Einen Augenblick herrschte Stille am anderen Ende, dann fragte sie: „Was ist los? Ist etwas passiert?“

„Katie und ich haben Rose heute ins Krankenhaus gebracht. Es ist wieder die Lungenentzündung, und sie werden sie hierbehalten.“

„Oh Gott. Kann ich etwas tun? Soll ich die anderen anrufen oder ihr Sachen aus der Lodge bringen?“

Es war einer der Gründe, aus denen Josh sie bewunderte. Paige zögerte nicht, wenn es galt, in der Familie zu helfen, und wenn es sie eine Rundreise von zwei Stunden kostete. „Ich denke, sie hat alles, was sie braucht. Aber ich hatte gehofft, du könntest vielleicht den anderen Bescheid geben. Wenn du mit deiner Schicht fertig bist, natürlich.“

„Selbstverständlich. Was soll ich ihnen sagen? Ich meine … wird es nötig sein, dass sie herkommen?“

„Nein“, versicherte er. „So schlimm ist es nicht. Sie ist hier versorgt und bekommt Antibiotika und all diesen Mist. Sie wird schon wieder. Nein, es braucht niemand zu kommen. Ich wollte nur nicht, dass ihr es nachträglich erfahrt.“

„Ich kümmere mich darum. Bist du jetzt im Krankenhaus?“

„Ja. Katie ist bei ihr und hilft ihr, sich einzurichten. Wenn sie ihr hübsches Krankenhausnachthemd anhat und eingepackt in ihrem Bett liegt, gehe ich noch einmal zu ihr. Sie hat auch ihr Handy dabei.

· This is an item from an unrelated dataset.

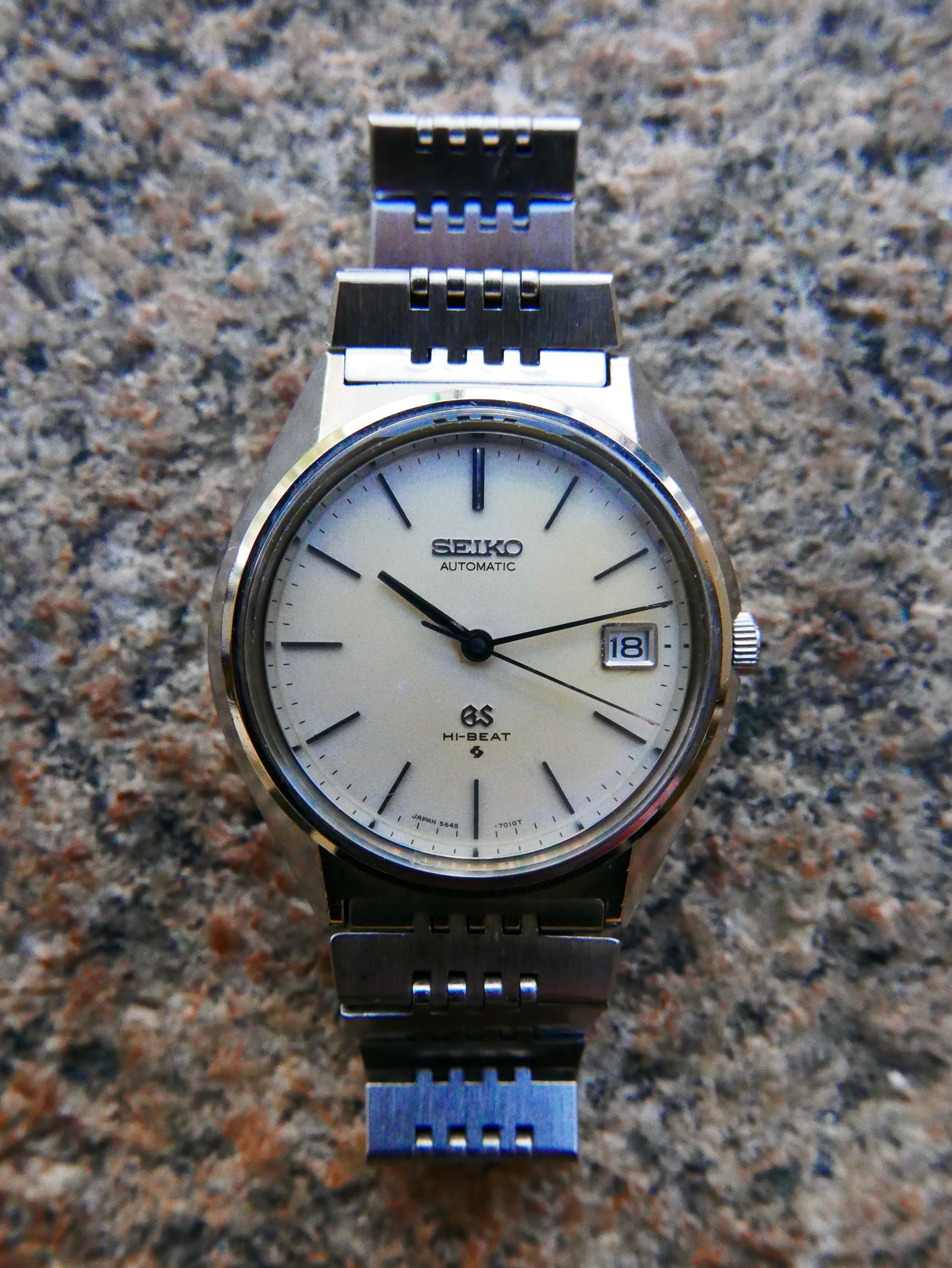 Vintage Watch | Grand Seiko 5646 7010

Nur werden sie heute noch alles Mögliche mit ihr anstellen, sodass es, glaube ich, besser ist, wenn man sie morgen anruft.“

Nachdem er das Gespräch mit Paige beendet hatte, lehnte er sich auf dem Stuhl mit dem Kopf an der Wand zurück, streckte die Beine aus und schloss die Augen. Er hätte mehr auf sein Gefühl als auf Rose hören und sie früher zum Arzt schicken sollen. Vielleicht hätte ihr das den Krankenhausaufenthalt erspart, der wer weiß wie lange dauern konnte.

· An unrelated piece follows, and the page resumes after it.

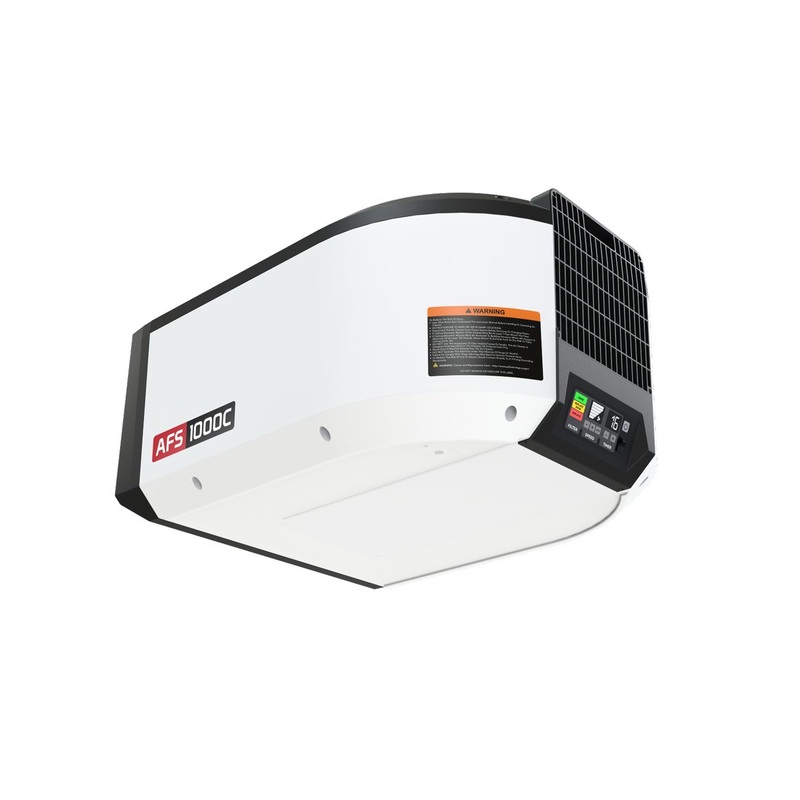 Air Filtration 1000CFM | AFS-1000C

Vor allem hatte er keine Ahnung, wie er sie nach ihrer Entlassung im Zaum halten sollte. Es waren weniger als zwei Wochen, bis die ersten Saisongäste eintrafen, und die To-do-Liste war irrsinnig lang. Eine ganze Reihe von Aufgaben fiel normalerweise Rose zu. Sie war stur wie ein Maulesel, andererseits sah er keine Möglichkeit, alles allein zu machen und gleichzeitig dafür zu sorgen, dass sie im Bett blieb. Er brauchte ihr doch nur den Rücken zuzudrehen, schon hatte sie einen Staubsauger in der Hand oder schleppte Wäsche in die Waschküche.